村田は知多半島武豊の日本油脂の火薬工場に勤務していた。戸田は早速に連絡を取り、1954年2月6日に会う約束をとりつけた。当時の武豊はまことに交通が不便で、戸田は夜23時30分東京発の汽車に乗り、車内で仮眠し、名古屋に着いたのは早朝の4時30分であった。真っ暗な名古屋駅構内にポツンと灯りがついている。近寄ってみると風呂屋の看板だったので、時間つぶしに朝風呂としゃれた戸田だった。朝5時過ぎに開店した構内食堂で朝食を掻き込むと、汽車で逆行し、大府乗り換えで武豊へ。ウソのような長旅となった。昔の人はたくましかった。
2月6日朝6時30分に武豊駅に着き、少し歩くと日本油脂(株)武豊工場に到着したが、朝早すぎて正門は閉まっている。始業は8時半と書いてある。散歩して時間をつぶそうと工場の鉄条網づたいに山道を登っていった。2月初旬の肌寒い風に吹かれ、眼下にひろがる広大な工場の敷地を眺めながら、戸田は「これからロケットでどのような仕事をすることになるのだろう」と思いに耽るのだった。

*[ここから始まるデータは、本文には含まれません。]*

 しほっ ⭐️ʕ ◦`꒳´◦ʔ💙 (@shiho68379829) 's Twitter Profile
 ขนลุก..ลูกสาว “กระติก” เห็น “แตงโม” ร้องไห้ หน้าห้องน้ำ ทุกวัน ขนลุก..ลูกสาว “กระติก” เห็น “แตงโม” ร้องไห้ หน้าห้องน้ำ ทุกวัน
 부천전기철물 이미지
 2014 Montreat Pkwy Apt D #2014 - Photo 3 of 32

さて時間がきて日本油脂の本館に降りていき、来意を告げると、すでに村田は待っていてくれた。戸田は村田をひと目見て「こりゃ几帳面そうな人だな」と思ったという。短い挨拶の後、すぐにロケット開発への協力を依頼したところ、この海軍きっての火薬の研究者は直ちに「賛成です。全力を挙げてやりましょう」と応えてくれた。まさに打てば響くような反応だった。
当日の話し合いでは、すぐに提供できる推薬は、近距離から敵の戦車や飛行機を攻撃するロケット弾用に用いたダブルベース(無煙火薬)で、直径9.5 mm、内径2 mmという中空円筒のマカロニ状のもの。長さが123 mmであった。戸田は、いかにも小さいなという感じを持ったが、とにかく帰って糸川と相談しようと決心し、手持ちのカバンに数十本入れて帰京した。

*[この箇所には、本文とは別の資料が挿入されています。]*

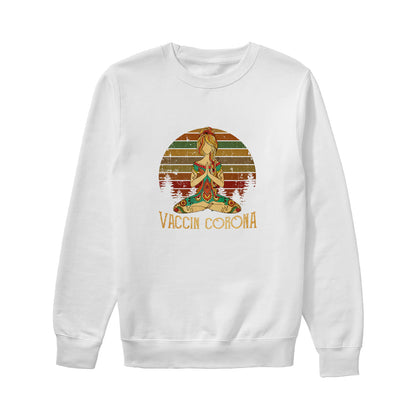 {"colors":["White","White","White","White","White"],"sizes":["2XL","XL","L","M","S"],"isMainImage":true}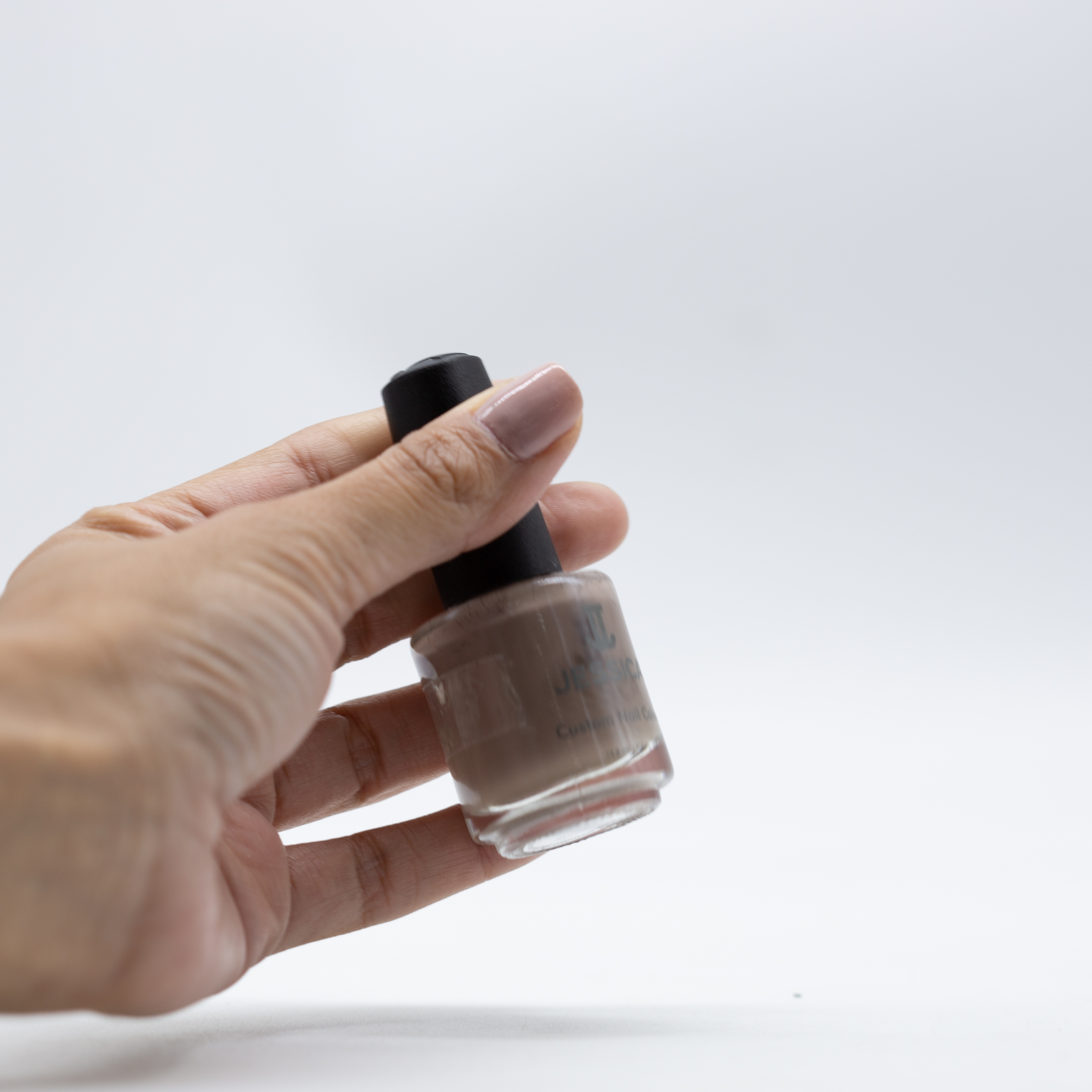 ESMALTE CNC 721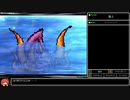 閃紅のアリエス ノーマルRTA 3:01:51 Part3/7
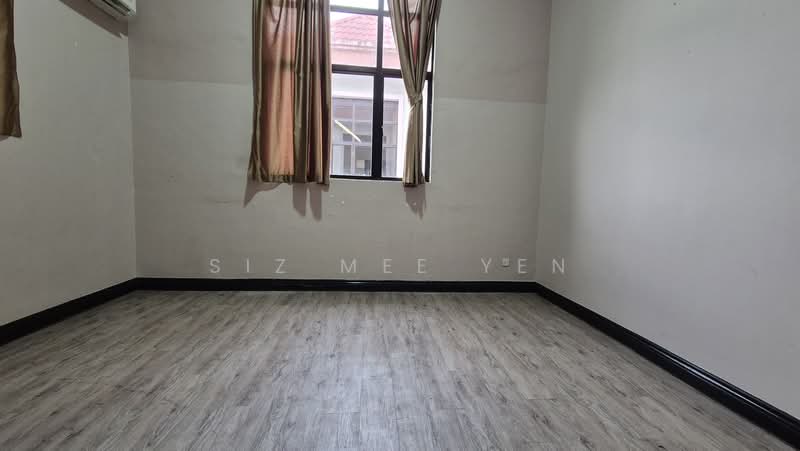 Kondominium untuk Disewa di Marina Court Resort Condominium - Siz Mee Yen - Interior - PropertyGuru.com.my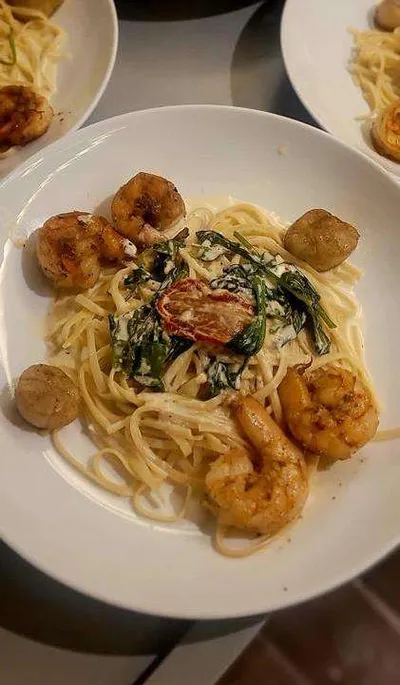 menu-1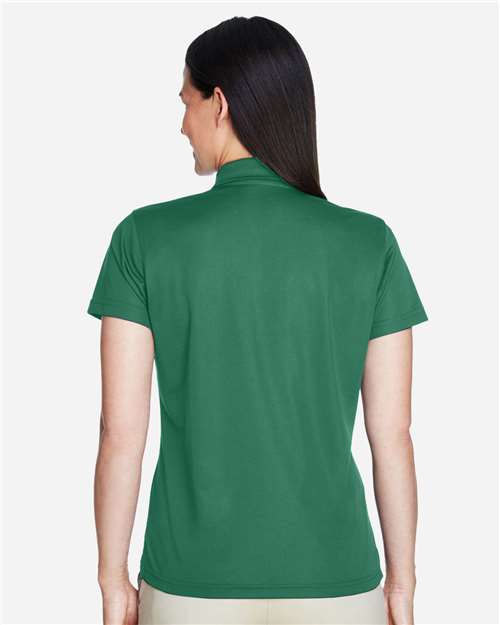 Sport Dark Green
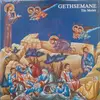 LP - Tilo Medek - Gethsemane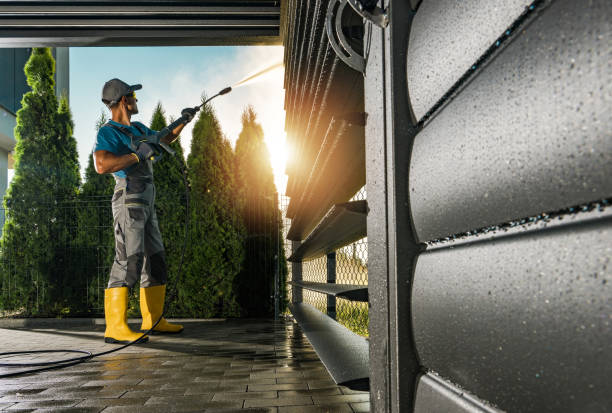 Winterizing Services in Evans, CO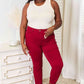 *APP EXCLUSIVE* Round Neck Tank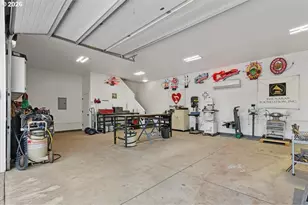 4398 Croisan Ridge Way S, Salem, OR 97302 - Photo 45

東京に帰ってAVSAグループにこのマカロニを見せた。志の大きさに比べて、この「マカロニ」の小ささはどうだ。メンバーは言葉もなかった。糸川が沈黙を破った。
「いいじゃないですか。費用も少なくて済むし、数多くの実験ができる。大きさにこだわっている場合ではないでしょう。すぐに実験を開始しましょう。」
反論する人もいた。
「でもこれじゃあ、どうやって観測機器を積むんですか。」
反論を予想していたかのように糸川はたたみかけた。
「高度100 km近くまで飛ばすものを作るには、さまざまなデータが必要です。データをとるには何度も飛ばさなければならない。毎回大きなものを作って飛ばせば、コストがかさみます。このちっぽけな固体燃料に合わせて小さなロケットを作るしか、当面打つ手はありませんよ。」
糸川は即決した。こうして東京大学のロケット開発は、一本5000円の固体燃料を主体として歩むことになった。